Herman menjelaskan gugatan Pemerintah Indonesia yang terkesan masih sangat prematur itu dipaksakan untuk diajukan ke PN Jakarta Pusat oleh Deputi I Kementerian Koordinator Bidang Kemaritiman Arif Havas Oegroseno.

"Havas Oegroseno harus dimintai pertanggungjawaban karena nama para tergugat yang dicantumkan ternyata salah, entah itu dilakukan dengan sengaja atau memang disebabkan ketidaktahuannya," katanya.

Pemerintah RI menggugat BUMN Thailand PTTEP yang telah mencemari perairan dan pantai-pantai selatan Pulau-pulau di Provinsi Nusa Tenggara Timur akibat meledaknya anjungan minyak Montara di Laut Timor pada 21 Agustus 2009.

Pemerintah melalui Kementerian LHK bertindak sebagai penggugat atas nama Negara terhadap The Petroleum Authority of Thailand Exploration and Production Australasia (PTTEP AA) yang berkedudukan di Australia sebagai tergugat I.

Selain itu, The Petroleum Authority of Thailand Exploration and Production Public Company Limited berkedudukan di Thailand, sebagai tergugat II, serta The Petroleum Authority of Thailand Public Company Limited (PTT PCL) berkedudukan di Thailand, sebagai tergugat III.

"Sementara PTTEP AA sebagai tergugat I tidak hadir tanpa keterangan dalam sidang perdana di PN Jakarta Pusat itu," katanya.

Namun, Majelis Hakim akan memanggil PTTEP AA secara resmi lewat pengadilan untuk hadir dalam sidang berikutnya yang akan digelar pada 22 November 2017.

Menurut Herman, perkara itu bermula dari Deputi Arif Havas Oegroseno yang mengatakan ketiga perusahaan itu bertanggungjawab secara sendiri-sendiri maupun tanggung renteng berdasarkan prinsip hukum nasional dan hukum internasional atas meledaknya kilang minyak Montara pada 2009 silam.

Pemerintah Indonesia mengajukan gugatan terhadap perusahaan pencemar Laut Timor itu dengan total ganti rugi sebesar Rp23 triliun.

Menurut Herman, pihaknya menerima informasi dari jaringan OWI di Jakarta sekitar dua minggu yang lalu bahwa Havas Oegroseno telah mengirimkan surat faksimili ke Perwakilan RI di Canberra dan Sydney untuk mencari tahu nama yang benar dari perusahaan pencemar Laut Timor untuk merubah gugatannya.

"Jaringan OWI di Jakarta menyatakan dalam surat faksimili itu juga Havas meminta dan menyampaikan beberapa hal yang belum dapat saya ungkapkan," katanya.

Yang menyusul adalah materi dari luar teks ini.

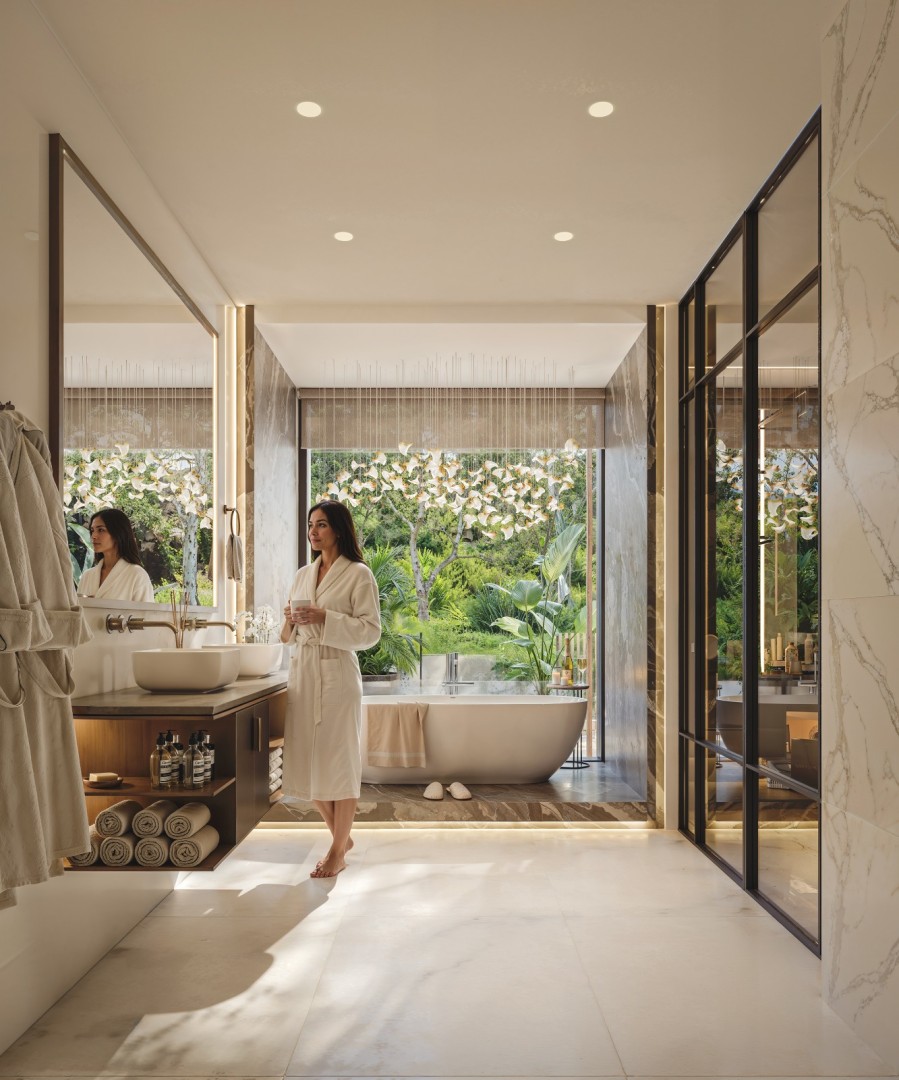 Interior design of this residential house - Sydney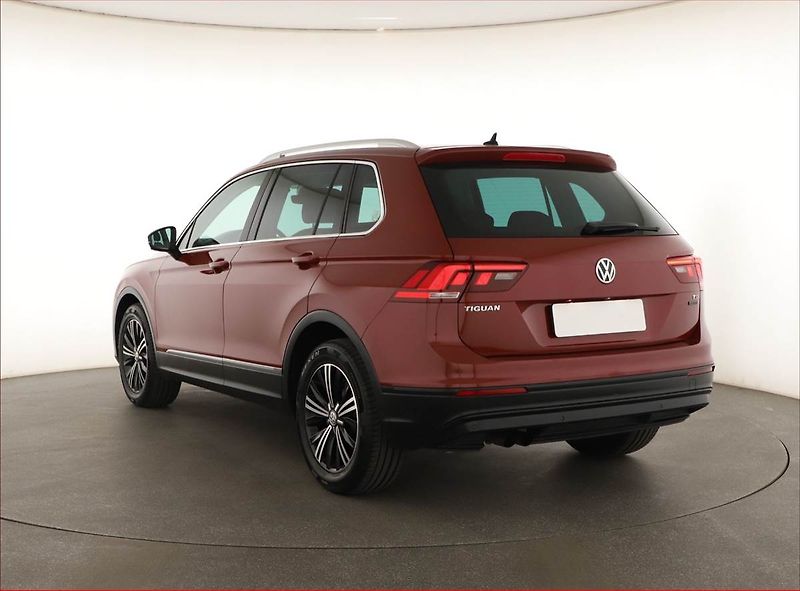 Volkswagen Tiguan (2017) 1.4 TSI, Tempomat - fotka 4 z 18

Namun menurutnya, upaya itu seolah mengeliminir sikap tegas Menko Bidang Kemaritiman Luhut Binsar Pandjaitan yang berkomitmen penuh untuk menyelesaikan kasus pencemaran tersebut.

"Yang pasti Havas telah menugaskan dua orang stafnya ke Australia guna menemui Perwakilan RI di Canberra dan di Sydney, untuk maksud tersebut," katanya.

Untuk itu, Herman meminta Presiden Joko Widodo dan Menko Bidang Kemaritiman Luhut Binsar Pandjaitan untuk segera meminta pertanggungjawaban Arif Havas Oegroseno atas tindakannya yang salah itu.

"Bagi kami, masalah pencemaran Laut Timor ini menyangkut harga diri dan kedaulatan bangsa Indonesia, sehingga Havas Oegroseno patut untuk dimintai pertanggungjawabannya," demikian Herman Jaya.